Ce genre de réflexions crée immédiatement des liens, entre les martyres de la réplique! Pauvre Sandra, pour son voyage de Noces, elle réalisait que les Américains jouissaient d’une aussi mauvaise réputation que les Français. Comme quoi, les a-priori sont les vides poubelles de l’opinion publique. Tout cela est encore à mettre sur le compte des « généralités ». On généralise, on range dans un même paquet tous les Américains, dans un autre les Français.
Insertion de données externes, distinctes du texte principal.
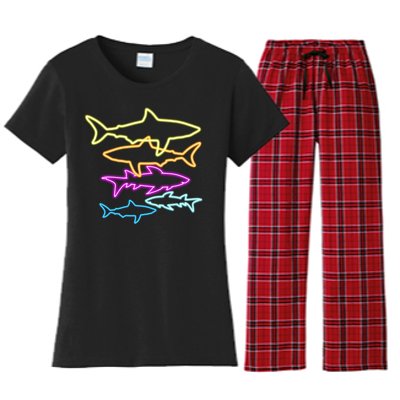 Neon Colorful Sharks  Women's Flannel Pajama Set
Dans le Pacifique, les Français sont mal vus, à cause de la bombe nucléaire que successivement Mitterrand et Chirac ont fait sauter du côté de Mururoa. Une idée pas très lumineuse, qui a « un tantinet » énervé tous les habitants du Pacifique. Ce sentiment fut exacerbé par la malencontreuse affaire du Rainbow Warrior, le navire de Green Peace, sur laquelle je ne m’étendrai pas, mais tout cela a donné des os à ronger aux anti-Français. Quant aux Américains, on leur reproche leur façon de gérer le monde entier à leur sauce. Tout cela permet un racisme de bas étage qui ne fait pas la différence entre des individus qui subissent les politiques intérieures et extérieures de leur pays, et ceux qui les gouvernent sans leur demander leur avis au nom du « bien-être » mondial.

Sandra trouva néanmoins le moyen de se venger en me glissant en aparté que leur accent (celui des Australiens « en général) était pourri, et sonnait « bouseux ».

« 1 » partout, je renvoie la balle à qui?

Pendant ce temps, les Fidjiens regardent l’oeil amusé toute cette faune s’envoyer les balles et comptent les points, surtout, ceux écrits sur leurs jolis billets que les touristes leur apportent. Une manne qu’ils ne sont pas prêts de lâcher et qu’ils gèrent au mieux afin qu’elle perdure. Par contre, nous apprenons par la suite, que le Monsieur Australien a poursuivi son voyage suscitant « la sympathie unanime » : le dernier clan dans lequel nous séjournerons, nous dira qu’il cherchait des « fijian girls », ça n’a pas beaucoup plu non, plus!!!!

Et là, permettez-moi de couper le cordon des « généralités » et de vous dire que seul cet Australien-là avait des moeurs glauques et que nous avons rencontré également de charmantes vielles dames en chapeau, qui avaient un accent délicieux, venu de Sydney, avec des manières adorables et de gentilles façons!

Après ce voyage linguistique, nous arrivons dans la baie de Korovou, sur Naviti. La pension vient de subir la tempête de plein fouet, les toits sont abîmés, les parasols en bois ont été détruits… Mais les habitants gardent leur coutumière bonne humeur. Déjà, les hamacs sont en place, et prêts à nous accueillir pour assister au coucher du soleil.